Aloysius Tempo Read online

Page 19


  I’VE TOLD Martin I should drive. He hasn’t a clue what’s happening or where we’re going, but we’re going fast.

  ‘Trust me,’ I say.

  ‘I do,’ he says. ‘Is Imelda okay?’

  ‘She’ll be fine,’ I say. ‘Trust me.’

  We take the tolled tunnel, spitting us out on the top side of Dublin, onto the M1 motorway, heading north, the far side of the speed limit.

  He’s gripping the assist handle above the door, asks, ‘You stressed out or what?’

  ‘Just making progress, Martin. Just moving ahead with things.’

  ‘I’ve got a 7 PM dinner with a TD in Ballsbridge,’ he says. ‘I need to be there.’

  ‘You need to be here first,’ I say.

  We tear on and my brain is racing like the wheels. I won’t tell him right now, but I will tell him that I am running from the certainty that Imelda is seeking to have me take his life.

  I am running because she knows I have found out what she insisted I must not know, that everything she has told me has been an act of betrayal. I am running before she has set me up with the murder of Martin. I am running in anger.

  She wants me to be her hard-fanged puppy, some kind of cruel fool for her, and she believes she can get me to do that? Her patriotism is poison. Her loyalty is piss weak. She is the one who deserves to be thrown off a building.

  I saw this coming. I’ll say it again, I saw it coming. I die, that’s what happens at the end of this story. I die in the moments after I kill Martin.

  Maybe armed police catch me in the act, tipped off in some random call, and have been encouraged to shoot. Maybe it’ll be some undercover tough that who kills me, who gets lauded for taking out the unknown, homeless fucker who took down one of the nation’s best servants.

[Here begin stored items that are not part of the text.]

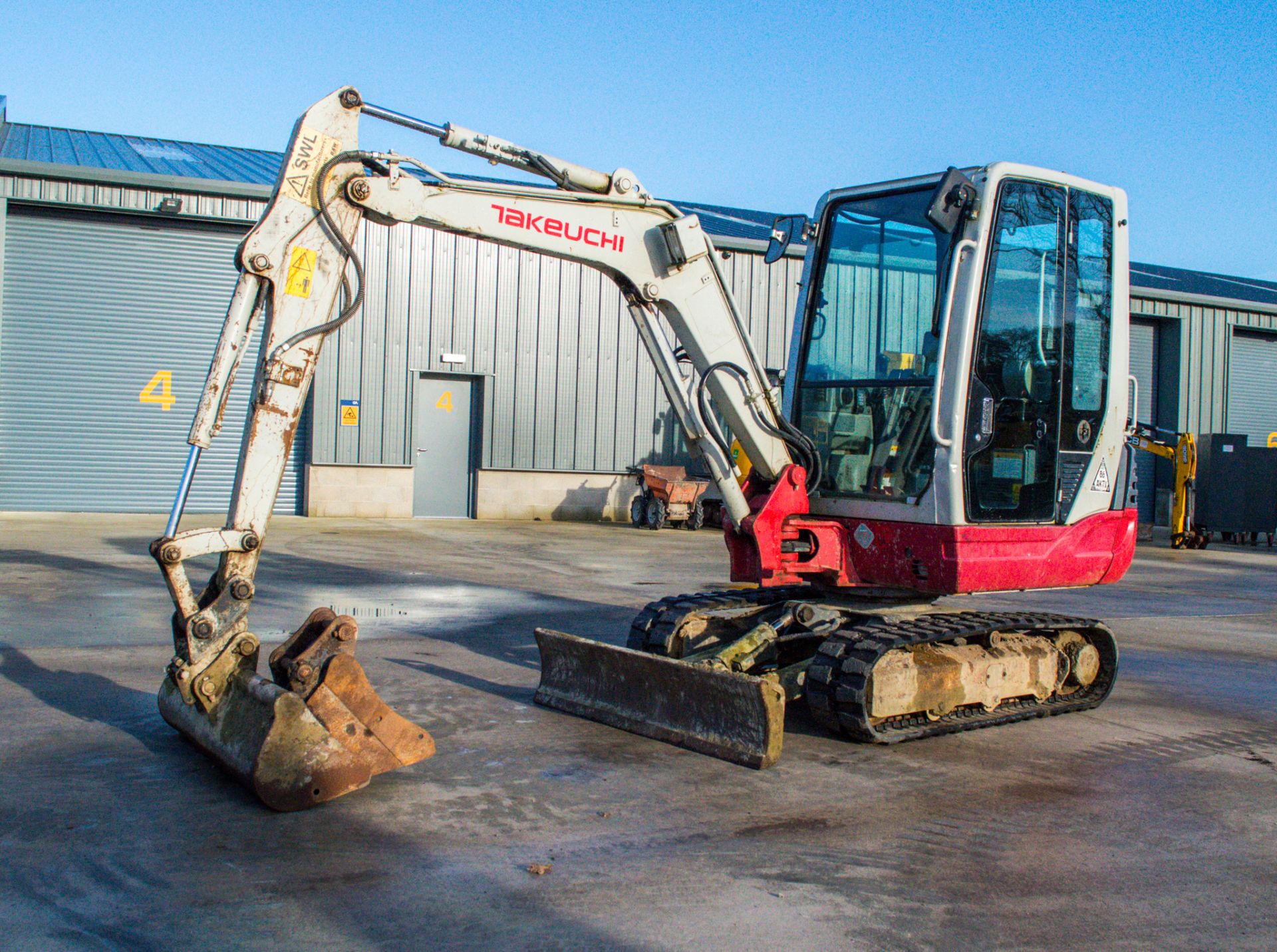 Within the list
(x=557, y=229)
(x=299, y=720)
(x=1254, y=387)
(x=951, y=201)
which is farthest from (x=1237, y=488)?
(x=299, y=720)

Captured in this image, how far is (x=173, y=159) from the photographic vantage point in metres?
22.6

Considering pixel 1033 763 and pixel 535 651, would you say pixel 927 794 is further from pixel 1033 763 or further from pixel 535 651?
pixel 535 651

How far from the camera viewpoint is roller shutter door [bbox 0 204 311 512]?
Answer: 19.5 metres

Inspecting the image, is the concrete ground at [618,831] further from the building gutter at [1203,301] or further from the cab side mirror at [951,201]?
the building gutter at [1203,301]

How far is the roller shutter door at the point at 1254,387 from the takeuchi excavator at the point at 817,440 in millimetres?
25691

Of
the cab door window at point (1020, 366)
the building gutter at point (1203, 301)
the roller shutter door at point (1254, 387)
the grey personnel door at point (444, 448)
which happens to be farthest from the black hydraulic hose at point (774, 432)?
the roller shutter door at point (1254, 387)

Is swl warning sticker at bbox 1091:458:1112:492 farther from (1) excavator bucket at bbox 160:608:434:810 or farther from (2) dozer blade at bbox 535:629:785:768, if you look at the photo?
(1) excavator bucket at bbox 160:608:434:810

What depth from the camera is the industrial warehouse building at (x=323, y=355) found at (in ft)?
64.3

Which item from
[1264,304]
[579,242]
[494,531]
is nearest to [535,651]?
[579,242]

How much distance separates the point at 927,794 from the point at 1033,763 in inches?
36.6

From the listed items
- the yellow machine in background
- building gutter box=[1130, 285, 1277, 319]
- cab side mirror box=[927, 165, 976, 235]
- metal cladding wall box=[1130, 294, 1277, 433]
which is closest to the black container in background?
the yellow machine in background

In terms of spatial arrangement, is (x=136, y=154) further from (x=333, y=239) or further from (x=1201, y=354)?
(x=1201, y=354)

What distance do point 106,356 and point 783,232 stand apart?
16.6 metres

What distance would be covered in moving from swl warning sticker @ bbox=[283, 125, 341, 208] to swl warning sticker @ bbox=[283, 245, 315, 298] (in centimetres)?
23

  That’s what will happen – you can be sure of it – because then there will only be Imelda, the forever friend of whoever it was in the high place that paid for all of this. Only fucking Imelda and dead men with their secrets.

  There is dirt in my throat now, some bits of grit and filth crawling coarsely up from the back of my tongue, and I want to spit, to shout and rage at the fucking world with a mouth full of mud.

  *

  There’s a sprawling service station, a pull-in plaza, and I drop the gears and cruise in, tucking up in the furthest corner of the car park. I reverse into the space, facing the building, the back of the vehicle against a field dotted with cud-chewing cows.

  I cut the engine and note that it’s busy, that there’s dozens of other cars, other four-by-fours, lorries, vans, parents, children. And I’m thinking busy is good, that people and CCTV and daylight are all good because there are two men in this vehicle who are due to be killed, one after the other.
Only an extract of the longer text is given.